● Task directions: Among the records that follow, find each line holding the word "life" and copy it.
::: Supplied data
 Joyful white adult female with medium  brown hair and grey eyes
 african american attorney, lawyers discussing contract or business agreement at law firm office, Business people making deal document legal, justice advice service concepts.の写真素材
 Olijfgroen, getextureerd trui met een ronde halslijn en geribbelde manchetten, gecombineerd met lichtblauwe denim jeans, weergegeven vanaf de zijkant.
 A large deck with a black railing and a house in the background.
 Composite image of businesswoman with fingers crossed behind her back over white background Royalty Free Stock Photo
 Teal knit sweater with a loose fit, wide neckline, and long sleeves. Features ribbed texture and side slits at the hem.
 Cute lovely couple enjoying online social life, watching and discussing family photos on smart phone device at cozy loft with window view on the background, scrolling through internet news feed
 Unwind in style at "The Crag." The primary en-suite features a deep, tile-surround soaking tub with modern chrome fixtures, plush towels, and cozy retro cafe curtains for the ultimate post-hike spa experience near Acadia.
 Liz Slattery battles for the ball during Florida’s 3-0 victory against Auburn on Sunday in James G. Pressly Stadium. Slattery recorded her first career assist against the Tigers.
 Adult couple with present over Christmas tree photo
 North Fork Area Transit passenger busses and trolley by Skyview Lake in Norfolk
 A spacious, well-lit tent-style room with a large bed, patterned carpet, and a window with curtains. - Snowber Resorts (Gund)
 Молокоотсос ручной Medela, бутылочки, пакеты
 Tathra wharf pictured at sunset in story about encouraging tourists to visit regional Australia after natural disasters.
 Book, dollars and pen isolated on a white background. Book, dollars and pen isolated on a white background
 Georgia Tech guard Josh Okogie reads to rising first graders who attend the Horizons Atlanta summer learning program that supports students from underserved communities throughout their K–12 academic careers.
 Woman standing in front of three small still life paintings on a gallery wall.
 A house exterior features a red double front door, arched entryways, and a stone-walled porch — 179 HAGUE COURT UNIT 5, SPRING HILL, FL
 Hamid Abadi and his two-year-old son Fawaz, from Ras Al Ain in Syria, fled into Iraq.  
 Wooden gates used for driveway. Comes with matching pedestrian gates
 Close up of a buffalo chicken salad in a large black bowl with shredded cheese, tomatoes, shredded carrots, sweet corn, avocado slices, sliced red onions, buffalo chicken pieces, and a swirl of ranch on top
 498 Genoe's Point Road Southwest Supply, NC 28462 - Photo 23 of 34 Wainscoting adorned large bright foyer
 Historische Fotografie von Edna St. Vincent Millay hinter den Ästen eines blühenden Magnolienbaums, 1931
::::::
● Exercise result:
 Cute lovely couple enjoying online social life, watching and discussing family photos on smart phone device at cozy loft with window view on the background, scrolling through internet news feed
 Woman standing in front of three small still life paintings on a gallery wall.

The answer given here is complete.